LG's upcoming PZ950 60" Plasma display. This is one of three LG plasma's that will be certified through THX 3D certification. Features will include a 20pt white balance, LG's software apps, and LG's Magic Motion Remote.

Mitsubishi was on hand to show their upcoming massive 92" 3D DLP display.

Sharp was displaying the latest iterations of their Quattron displays.

Control 4 was demonstrating their total home solution. One of the new features Control 4 was demonstrating was a video wall control application where screens on a wall could be very easily manipulated.

This is probably going to be seen most often in Sports Bars but the Control 4 rep was telling me that he was seeing more people create video walls in their homes or their "man caves". 

Control 4 had some of their newer and cheaper wall mounted touch panels on display. Prices ranged around $599 and up.
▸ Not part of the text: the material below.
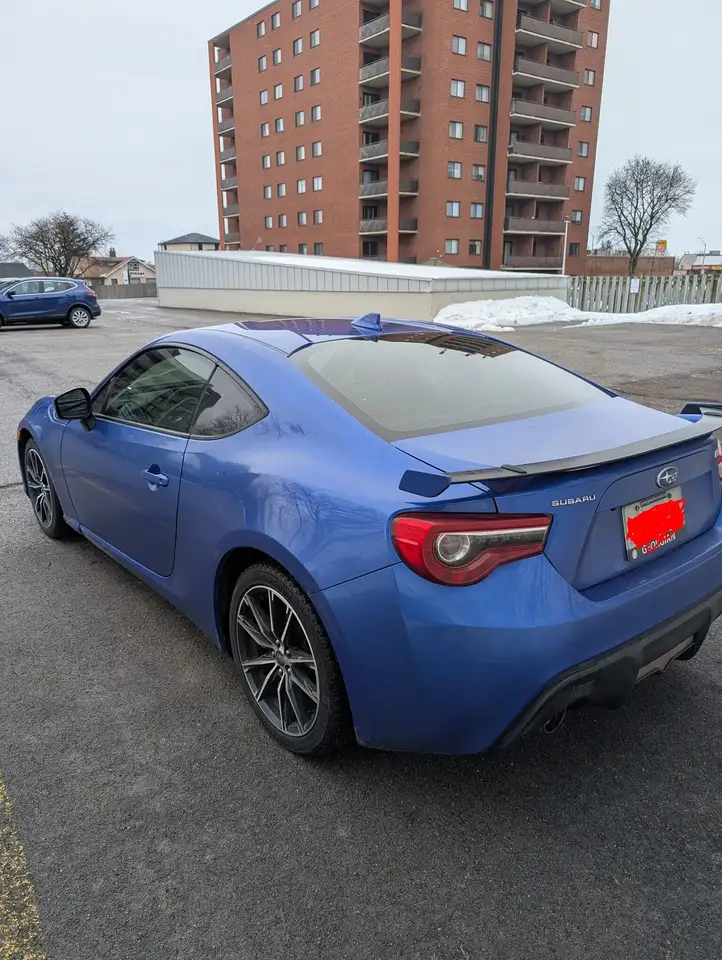 Subaru BRZ снимка Subaru BRZ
Earthquake was showing off their Titan line of loudspeakers and some of their smaller monitor speakers.

Here we can see Earthquake's massive 7 Channel Cinenova Grande amplifier capable of 328 Watts RMS @ 8 Ohm, 600 Watts RMS @ 4 Ohm, and 750 Watts RMS @ 2 Ohm. MSRP $5999.00

Greensound Technology was featuring some very unique glass based speaker designs. MSRP was $17,000 for the pair including a subwoofer. I sincerely hope any owners of these don't have kids.

By the end of the show people took any opportunity they could to get off their feet. This year's CES was huge and there was so much to see that it was truly difficult to see everything.